Anna Charlotte Rice was born into a missionary family on O‘ahu in 1853. She went on to marry businessman Charles Montague Cooke, also of a missionary family. In an era when the societal roles and rights of women were limited, Anna Rice Cooke devoted herself to assembling an art collection, raising seven children, and making a home in the family residence on Beretania Street.

Widowed in 1909, Anna Rice Cooke continued on her own path. When the collection outgrew her home and the Cooke Art Gallery at Punahou School, she decided to create Hawai‘i’s first visual arts museum. In 1920, she and her daughter Alice Spalding, her daughter-in-law Dagmar Cooke, and Catharine Cox, an art and drama teacher, began to catalogue and research the collection as a first step.

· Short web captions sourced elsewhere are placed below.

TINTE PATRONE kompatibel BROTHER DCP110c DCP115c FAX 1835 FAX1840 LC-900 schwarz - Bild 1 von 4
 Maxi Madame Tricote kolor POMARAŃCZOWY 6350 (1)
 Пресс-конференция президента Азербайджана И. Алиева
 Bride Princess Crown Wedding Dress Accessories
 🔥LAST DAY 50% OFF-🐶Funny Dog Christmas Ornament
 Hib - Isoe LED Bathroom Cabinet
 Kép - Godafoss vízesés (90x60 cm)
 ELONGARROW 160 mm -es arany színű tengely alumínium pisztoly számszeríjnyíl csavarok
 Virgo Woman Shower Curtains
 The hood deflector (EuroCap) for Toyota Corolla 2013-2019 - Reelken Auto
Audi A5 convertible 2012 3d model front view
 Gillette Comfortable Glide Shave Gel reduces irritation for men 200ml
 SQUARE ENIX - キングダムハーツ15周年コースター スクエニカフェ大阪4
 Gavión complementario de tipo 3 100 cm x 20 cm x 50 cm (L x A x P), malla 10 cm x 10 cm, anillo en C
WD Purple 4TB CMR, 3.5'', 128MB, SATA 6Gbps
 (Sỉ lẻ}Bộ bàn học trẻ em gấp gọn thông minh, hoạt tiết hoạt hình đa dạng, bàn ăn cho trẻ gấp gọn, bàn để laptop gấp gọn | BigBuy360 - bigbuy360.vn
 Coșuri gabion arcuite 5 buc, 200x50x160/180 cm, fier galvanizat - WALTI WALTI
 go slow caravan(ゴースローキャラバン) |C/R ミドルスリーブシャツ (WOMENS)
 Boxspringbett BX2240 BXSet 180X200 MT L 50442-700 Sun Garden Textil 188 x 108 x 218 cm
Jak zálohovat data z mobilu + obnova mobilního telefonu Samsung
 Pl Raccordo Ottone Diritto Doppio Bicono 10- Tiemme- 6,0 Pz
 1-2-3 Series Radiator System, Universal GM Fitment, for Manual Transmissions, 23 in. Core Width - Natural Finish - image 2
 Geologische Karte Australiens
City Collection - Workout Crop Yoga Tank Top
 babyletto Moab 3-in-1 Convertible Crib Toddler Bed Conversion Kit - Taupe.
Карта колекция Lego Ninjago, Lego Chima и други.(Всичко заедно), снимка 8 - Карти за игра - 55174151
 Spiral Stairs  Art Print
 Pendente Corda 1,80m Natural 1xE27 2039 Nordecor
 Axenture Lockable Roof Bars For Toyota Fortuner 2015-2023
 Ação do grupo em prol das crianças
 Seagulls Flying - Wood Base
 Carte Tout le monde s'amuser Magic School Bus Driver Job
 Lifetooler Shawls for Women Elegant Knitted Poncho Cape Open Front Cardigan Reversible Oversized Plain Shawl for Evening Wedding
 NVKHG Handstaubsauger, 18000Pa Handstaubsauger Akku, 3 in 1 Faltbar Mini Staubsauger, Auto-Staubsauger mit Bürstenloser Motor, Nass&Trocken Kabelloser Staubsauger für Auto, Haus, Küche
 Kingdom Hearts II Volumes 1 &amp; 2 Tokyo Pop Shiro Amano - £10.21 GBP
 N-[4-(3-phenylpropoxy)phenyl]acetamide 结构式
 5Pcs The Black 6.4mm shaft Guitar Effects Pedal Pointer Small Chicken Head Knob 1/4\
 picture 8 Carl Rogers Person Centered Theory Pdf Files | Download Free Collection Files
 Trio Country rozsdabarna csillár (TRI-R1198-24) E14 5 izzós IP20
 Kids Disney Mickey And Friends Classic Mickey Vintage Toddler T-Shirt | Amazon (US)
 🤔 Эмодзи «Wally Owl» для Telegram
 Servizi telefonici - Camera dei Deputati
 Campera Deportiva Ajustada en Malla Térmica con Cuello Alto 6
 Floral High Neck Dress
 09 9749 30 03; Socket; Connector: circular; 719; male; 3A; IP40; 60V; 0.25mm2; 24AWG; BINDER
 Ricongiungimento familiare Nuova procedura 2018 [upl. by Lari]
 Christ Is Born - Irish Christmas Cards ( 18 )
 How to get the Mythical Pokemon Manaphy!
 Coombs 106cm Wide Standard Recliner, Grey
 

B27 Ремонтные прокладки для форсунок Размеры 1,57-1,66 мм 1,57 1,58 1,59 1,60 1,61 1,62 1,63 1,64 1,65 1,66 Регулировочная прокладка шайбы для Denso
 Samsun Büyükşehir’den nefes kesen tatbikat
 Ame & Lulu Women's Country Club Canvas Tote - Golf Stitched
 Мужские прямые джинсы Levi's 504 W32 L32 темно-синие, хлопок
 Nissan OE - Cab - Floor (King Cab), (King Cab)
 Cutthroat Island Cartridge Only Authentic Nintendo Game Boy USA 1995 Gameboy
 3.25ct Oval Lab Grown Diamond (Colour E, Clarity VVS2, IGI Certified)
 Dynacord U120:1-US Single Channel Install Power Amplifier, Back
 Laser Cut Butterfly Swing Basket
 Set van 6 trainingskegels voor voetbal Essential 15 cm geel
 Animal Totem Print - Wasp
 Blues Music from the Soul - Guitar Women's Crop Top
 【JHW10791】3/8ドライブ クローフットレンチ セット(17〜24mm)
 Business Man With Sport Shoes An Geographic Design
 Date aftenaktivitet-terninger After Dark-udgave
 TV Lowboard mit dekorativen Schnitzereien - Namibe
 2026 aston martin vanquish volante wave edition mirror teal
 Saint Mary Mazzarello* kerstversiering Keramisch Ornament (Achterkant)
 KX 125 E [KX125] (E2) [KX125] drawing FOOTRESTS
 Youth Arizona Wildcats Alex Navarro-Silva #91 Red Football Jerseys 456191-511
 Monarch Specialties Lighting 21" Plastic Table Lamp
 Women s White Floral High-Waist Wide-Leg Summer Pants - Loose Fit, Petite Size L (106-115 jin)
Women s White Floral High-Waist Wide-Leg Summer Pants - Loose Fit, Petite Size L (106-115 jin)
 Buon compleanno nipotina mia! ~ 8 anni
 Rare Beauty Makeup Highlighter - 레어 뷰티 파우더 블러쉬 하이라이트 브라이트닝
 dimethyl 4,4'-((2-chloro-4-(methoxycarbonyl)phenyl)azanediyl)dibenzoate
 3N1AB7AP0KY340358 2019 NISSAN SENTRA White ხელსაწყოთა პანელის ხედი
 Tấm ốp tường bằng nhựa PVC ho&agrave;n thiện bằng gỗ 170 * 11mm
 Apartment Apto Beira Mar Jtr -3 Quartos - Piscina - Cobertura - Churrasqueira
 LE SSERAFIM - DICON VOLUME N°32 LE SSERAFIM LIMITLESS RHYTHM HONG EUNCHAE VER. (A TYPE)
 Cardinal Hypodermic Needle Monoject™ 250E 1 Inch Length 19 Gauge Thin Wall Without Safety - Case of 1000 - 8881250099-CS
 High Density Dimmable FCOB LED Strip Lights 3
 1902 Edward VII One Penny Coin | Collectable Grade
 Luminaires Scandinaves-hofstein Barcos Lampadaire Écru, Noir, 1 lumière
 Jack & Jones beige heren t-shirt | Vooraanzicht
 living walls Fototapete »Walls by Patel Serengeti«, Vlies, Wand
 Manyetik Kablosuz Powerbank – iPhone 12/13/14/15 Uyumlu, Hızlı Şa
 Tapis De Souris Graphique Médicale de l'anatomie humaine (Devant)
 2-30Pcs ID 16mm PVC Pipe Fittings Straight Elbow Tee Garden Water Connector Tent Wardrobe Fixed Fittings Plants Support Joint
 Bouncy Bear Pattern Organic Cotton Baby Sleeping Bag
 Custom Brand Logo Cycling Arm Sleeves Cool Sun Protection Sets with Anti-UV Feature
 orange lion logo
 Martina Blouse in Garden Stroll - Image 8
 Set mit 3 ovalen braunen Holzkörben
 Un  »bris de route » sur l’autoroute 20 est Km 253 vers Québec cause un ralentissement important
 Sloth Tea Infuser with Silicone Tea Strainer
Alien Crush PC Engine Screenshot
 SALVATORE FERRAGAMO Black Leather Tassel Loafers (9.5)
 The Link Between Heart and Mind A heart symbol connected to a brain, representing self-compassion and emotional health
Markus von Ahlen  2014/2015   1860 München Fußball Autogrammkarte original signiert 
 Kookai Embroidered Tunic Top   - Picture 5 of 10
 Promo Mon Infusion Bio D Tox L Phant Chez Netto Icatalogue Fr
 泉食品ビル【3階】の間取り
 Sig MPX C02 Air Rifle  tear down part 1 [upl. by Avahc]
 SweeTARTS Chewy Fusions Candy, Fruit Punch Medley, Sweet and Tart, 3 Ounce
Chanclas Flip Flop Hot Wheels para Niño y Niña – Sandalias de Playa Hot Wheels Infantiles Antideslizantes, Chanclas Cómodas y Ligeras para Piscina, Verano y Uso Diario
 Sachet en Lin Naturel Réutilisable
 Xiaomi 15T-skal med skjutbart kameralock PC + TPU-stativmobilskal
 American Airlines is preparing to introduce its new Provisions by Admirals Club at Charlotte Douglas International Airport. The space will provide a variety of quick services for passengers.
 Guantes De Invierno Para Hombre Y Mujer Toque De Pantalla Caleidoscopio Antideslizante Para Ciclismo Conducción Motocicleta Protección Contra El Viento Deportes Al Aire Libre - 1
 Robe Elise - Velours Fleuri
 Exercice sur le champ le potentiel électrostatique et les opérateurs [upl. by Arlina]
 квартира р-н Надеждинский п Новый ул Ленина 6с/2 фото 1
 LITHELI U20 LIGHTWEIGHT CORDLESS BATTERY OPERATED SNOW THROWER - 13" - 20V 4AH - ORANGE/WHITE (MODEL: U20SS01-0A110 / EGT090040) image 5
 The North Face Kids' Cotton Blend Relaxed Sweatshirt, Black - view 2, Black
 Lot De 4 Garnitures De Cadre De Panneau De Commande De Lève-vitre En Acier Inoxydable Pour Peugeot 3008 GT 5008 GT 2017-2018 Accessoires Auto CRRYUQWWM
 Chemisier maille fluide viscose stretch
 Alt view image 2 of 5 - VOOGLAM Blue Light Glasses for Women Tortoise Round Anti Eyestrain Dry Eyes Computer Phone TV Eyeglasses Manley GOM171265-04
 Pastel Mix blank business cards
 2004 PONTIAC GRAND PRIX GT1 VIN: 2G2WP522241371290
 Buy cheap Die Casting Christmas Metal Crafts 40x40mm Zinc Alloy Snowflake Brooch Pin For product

With little formal training, these women obtained a charter for the museum from the Territory of Hawai‘i in 1922. Anna tore down the family home and donated the land for the museum, along with an endowment of $25,000. They hired New York architect Bertram Goodhue to design the plans. Goodhue died before the project was completed, and his colleague Hardie Phillip finished the job. Over the years, the museum’s architectural style, which incorporates Hawaiian, Chinese, and Spanish influences, has been imitated in many buildings throughout the state.